The book The Stranger by Albert Camus reveals a new perspective that adds to the concept of existentialism. It is completely different then I <3 Huckabies simply because in the movie the main character is searching for the meaning of life or any meaning in his life at all, unlike the main character Mathew in The Stranger. Many search out the answer to the mysteries of the world so they can better understand the colplexity of life. Usually, from personal experience, I have concluded that it is easier for people to reach out after tradgedies have drastically effected them. Yet Mathew lacks any shock or sorrow when he lears of the death of his mother.
I wonder why Camus decided to begin the book this way, the first paragraph bluntly stating that she was deceased.

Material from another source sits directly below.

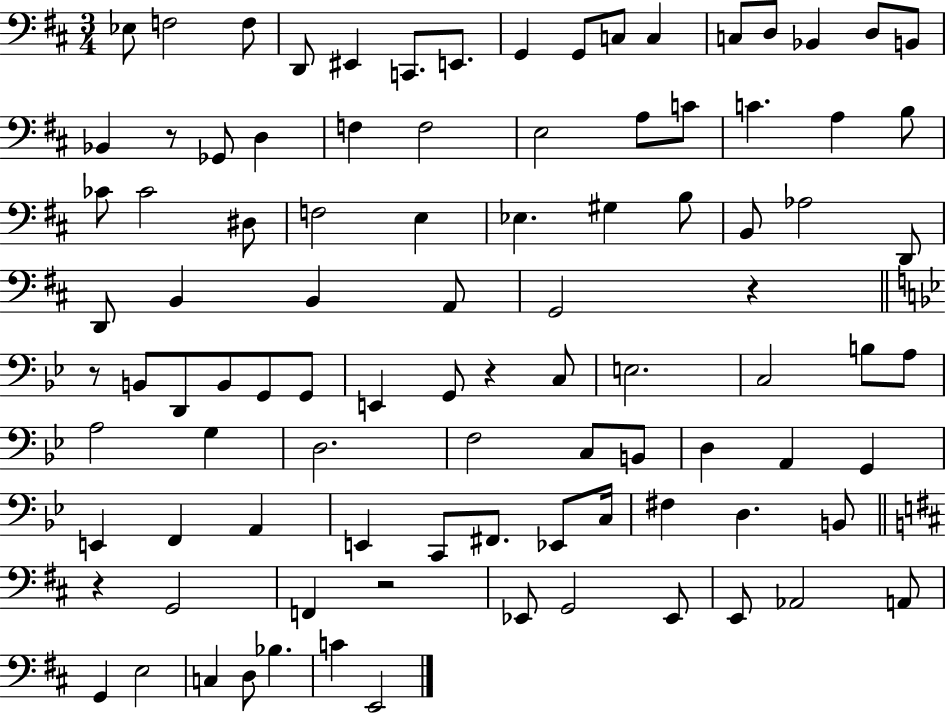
Eb3/e F3/h F3/e D2/e EIS2/q C2/e. E2/e. G2/q G2/e C3/e C3/q C3/e D3/e Bb2/q D3/e B2/e Bb2/q R/e Gb2/e D3/q F3/q F3/h E3/h A3/e C4/e C4/q. A3/q B3/e CES4/e CES4/h D#3/e F3/h E3/q Eb3/q. G#3/q B3/e B2/e Ab3/h D2/e D2/e B2/q B2/q A2/e G2/h R/q R/e B2/e D2/e B2/e G2/e G2/e E2/q G2/e R/q C3/e E3/h. C3/h B3/e A3/e A3/h G3/q D3/h. F3/h C3/e B2/e D3/q A2/q G2/q E2/q F2/q A2/q E2/q C2/e F#2/e. Eb2/e C3/s F#3/q D3/q. B2/e R/q G2/h F2/q R/h Eb2/e G2/h Eb2/e E2/e Ab2/h A2/e G2/q E3/h C3/q D3/e Bb3/q. C4/q E2/h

His delayed reastion of not knowing what day it even happened .
The chapter goes into discussing how he wasn't really with her in the end being that she lived in a home a town away. So it wasn't as surprising to read the last sentance of the second chapter:
"It occurred to me that one more Sunday was over, that Maman was buried now, that I was going back to work, and that, really, nothing had changed."
This statment makes me wonder about his relationship with his mother when he was younger and how it changed when he grew up. Even though she wasn't a significent presence in his life when he was a man, didn't they have some kind of loving relationship before that would lead him to have a little grief of loss. Orignially I figured he come o acceptance with the fact that she was gone, but for him to not go through any of the typical emotions first is odd. He is truly different frm any other character I have read about in a book, and because of that it is much harder to relate to him, something I enjoy most about nmy favoriute books.
Yet it also gives him a sort of obscurity that makes me think deeper into how he apriaches life differently then I do.